Meeting the Needs of Limited English Proficient Students
in Science Instruction

by Barbara J. Becker

Southwest Regional Laboratory (1993)

Introduction

Teaching science successfully to limited English proficient (LEP) students is a growing challenge for educators, particularly in the Southwest United States.  In California, the number of LEP students has more than doubled in the past ten years and is rapidly approaching the one million mark, or 20% of the total student population in the State (CDE, 1992).  The percentage of LEP students in Arizona schools is increasing at a slightly higher rate than the student population as a whole and currently constitutes approximately 10% of Arizona's 684,524 students (Hafner and Green, 1992; McCain, 1992).   Nevada and Utah have far fewer LEP students in their school populations compared with California and Arizona, but their numbers are nonetheless significant with recent estimates set at approximately 9,000 (4%) and 11,000 (2%) respectively (Hafner and Green, 1992; UDE, 1990).

The majority of LEP students in each of these states are native Spanish speakers.  Individuals with little direct experience in today's classrooms in the Western region have occasionally drawn erroneous conclusions from this fact, to the effect that:

In reality, there is considerably greater diversity among students whose first language is not English.  Some ninety different languages are spoken by California school children, including Cambodian, Khmer, and Hmong (CDE, 1992).  There are some classrooms in California in which as many as ten different languages are spoken.  A recent survey of novice teachers in 81 California metropolitan school districts found that 10% of these teachers were placed into classes having students from five language backgrounds.  Nearly one quarter of new teachers surveyed taught classes in which students spoke two languages other than English (Dianda, 1991).  The array of languages found in Arizona schools includes Arabic as well as Navajo and other Native American languages (McCain, 1992).  Teachers, on the other hand, are ethnically and linguistically homogeneous as a group (Dianda 1992), with inadequate numbers of them sufficiently fluent in a second language to carry out routine instruction in it.

Decades ago, the landmark Bilingual Education Act (1968) and the U.S. Supreme Court decision in Lau v.
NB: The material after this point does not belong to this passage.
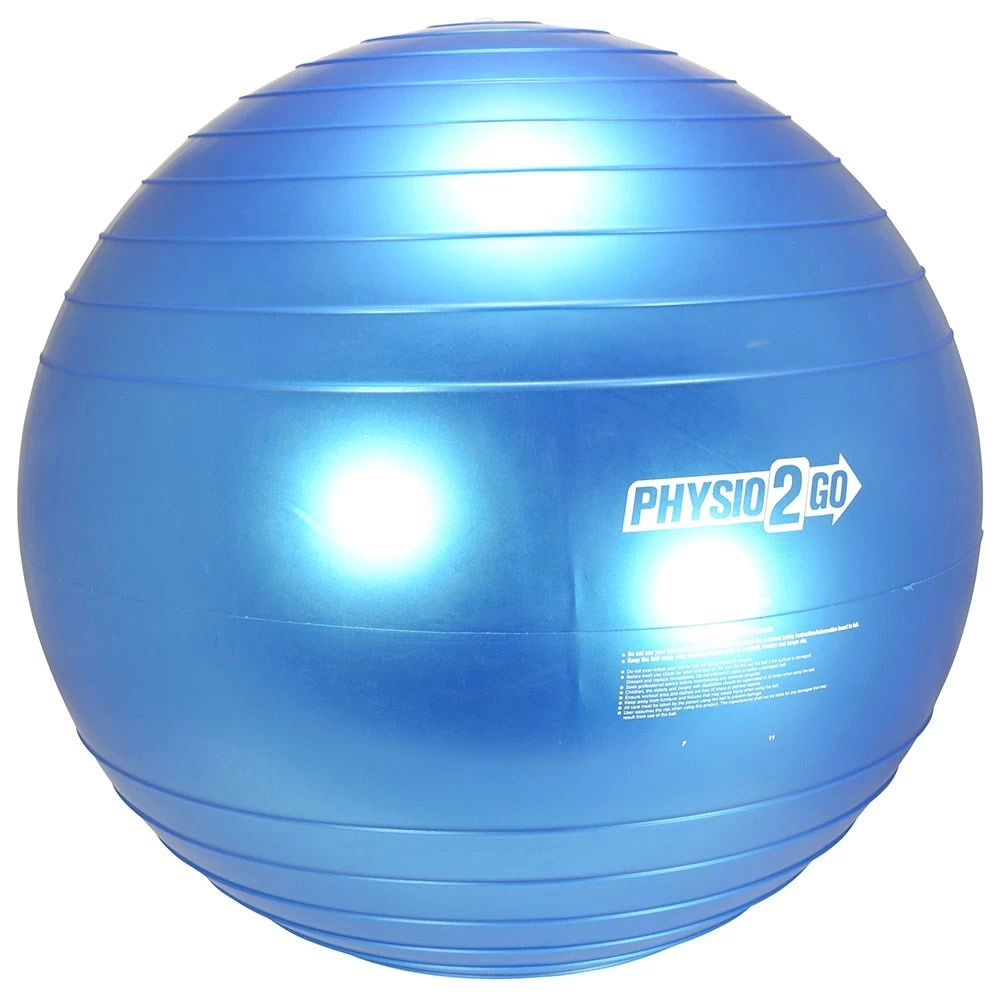 Alpha Sport Gym Ball 75cm (Assorted Colours)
Nichols (1974) increased public awareness of the challenges which limited English proficient students present to the educational process (Fillmore, 1991 and 1992).  In spite of this, today's schools are ill-equipped to provide adequate, let alone optimum, instruction to LEP students, particularly in multilingual classrooms.  Utah's Department of Education has found that funds received through the federal Title VII Bilingual Education program are insufficient to serve even one quarter of the state's LEP students (UDE, 1990).  Although the majority of California's new teachers teach classes with significant numbers of LEP students, few of them are properly credentialed to teach in a language-diverse classroom (Dianda, 1991).  In 1991, the ratio of LEP students to credentialed teachers was 114:1 (Hafner and Green, 1992).  Very few qualified LEP teachers are credentialed in languages like Cambodian (0) or Hmong (1) despite the large numbers of students (19,234 and 18,091, respectively) who need instruction in those languages (Hafner and Green, 1992; CDE, 1992).
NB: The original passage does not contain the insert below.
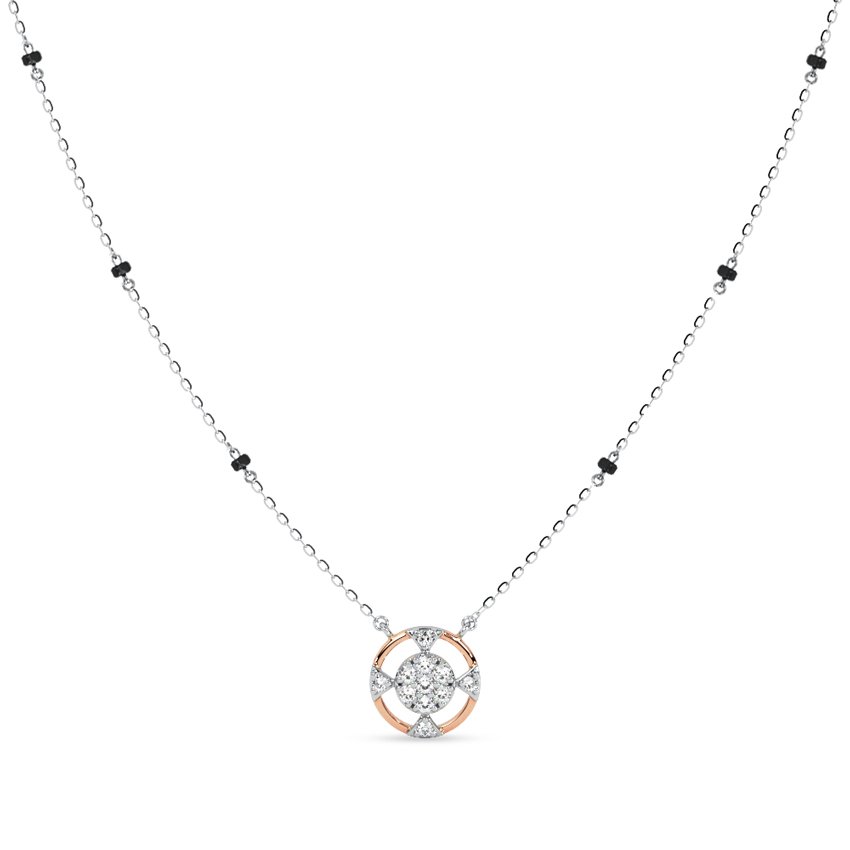 Rose Platinum Diamond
The Challenge for Teachers of Content Subjects

Providing instruction aimed at language acquisition and development is challenge enough, but when the object is to convey information traditionally viewed as outside the boundaries of language arts -- science or mathematics, for example -- the challenges become more complex requiring special attention and professional support.

Mathematics is frequently the first academic, or so-called "content" subject to which an LEP student is introduced for regular classroom instruction, hence mathematics instruction in multilingual classroom settings has generated a rich literature (Santos, 1992; Medrano, 1988; Fradd, 1987; Berry, 1985; Cuevas, 1984; Tsang, 1984; Castellanos, 1980; Gonzalez, 1980).  Teaching science to LEP students, on the other hand, has drawn less attention (see, for example, Sutman, Allen and Shoemaker, 1986; Chamot, 1985; Olsen and Huckin, 1983; and Gonzales, 1981).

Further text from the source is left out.